Description of the task — Copy the lines below exactly, starting at the line that contains "Бутоньерка из белой" and stopping after the last line, and include no other lines.

Extracted data: Begin

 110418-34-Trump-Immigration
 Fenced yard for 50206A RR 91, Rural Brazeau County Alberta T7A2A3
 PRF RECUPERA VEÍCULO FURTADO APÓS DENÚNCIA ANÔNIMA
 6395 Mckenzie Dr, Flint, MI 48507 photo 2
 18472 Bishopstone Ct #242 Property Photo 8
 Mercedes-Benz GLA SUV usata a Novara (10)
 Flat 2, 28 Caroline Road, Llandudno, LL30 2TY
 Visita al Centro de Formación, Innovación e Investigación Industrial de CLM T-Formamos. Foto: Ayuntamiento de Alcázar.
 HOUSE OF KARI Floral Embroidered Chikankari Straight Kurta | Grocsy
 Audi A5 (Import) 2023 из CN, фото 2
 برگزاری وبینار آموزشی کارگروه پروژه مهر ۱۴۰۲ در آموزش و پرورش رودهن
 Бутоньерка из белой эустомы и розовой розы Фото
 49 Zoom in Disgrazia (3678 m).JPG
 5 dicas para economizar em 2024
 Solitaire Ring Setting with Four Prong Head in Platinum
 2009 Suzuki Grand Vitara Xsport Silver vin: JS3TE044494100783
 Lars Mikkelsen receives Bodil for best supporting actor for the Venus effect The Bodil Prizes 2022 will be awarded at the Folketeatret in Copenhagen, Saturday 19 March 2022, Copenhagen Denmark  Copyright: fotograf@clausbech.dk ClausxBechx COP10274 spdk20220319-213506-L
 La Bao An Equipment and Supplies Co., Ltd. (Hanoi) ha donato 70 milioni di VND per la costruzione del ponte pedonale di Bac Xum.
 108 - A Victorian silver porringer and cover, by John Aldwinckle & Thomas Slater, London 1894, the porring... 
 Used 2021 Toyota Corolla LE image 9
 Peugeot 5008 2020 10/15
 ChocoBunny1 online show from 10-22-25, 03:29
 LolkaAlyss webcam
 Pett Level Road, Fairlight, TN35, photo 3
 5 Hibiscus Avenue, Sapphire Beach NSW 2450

Extracted data: End

Answer space —
 Бутоньерка из белой эустомы и розовой розы Фото
 49 Zoom in Disgrazia (3678 m).JPG
 5 dicas para economizar em 2024
 Solitaire Ring Setting with Four Prong Head in Platinum
 2009 Suzuki Grand Vitara Xsport Silver vin: JS3TE044494100783
 Lars Mikkelsen receives Bodil for best supporting actor for the Venus effect The Bodil Prizes 2022 will be awarded at the Folketeatret in Copenhagen, Saturday 19 March 2022, Copenhagen Denmark  Copyright: fotograf@clausbech.dk ClausxBechx COP10274 spdk20220319-213506-L
 La Bao An Equipment and Supplies Co., Ltd. (Hanoi) ha donato 70 milioni di VND per la costruzione del ponte pedonale di Bac Xum.
 108 - A Victorian silver porringer and cover, by John Aldwinckle & Thomas Slater, London 1894, the porring... 
 Used 2021 Toyota Corolla LE image 9
 Peugeot 5008 2020 10/15
 ChocoBunny1 online show from 10-22-25, 03:29
 LolkaAlyss webcam
 Pett Level Road, Fairlight, TN35, photo 3
 5 Hibiscus Avenue, Sapphire Beach NSW 2450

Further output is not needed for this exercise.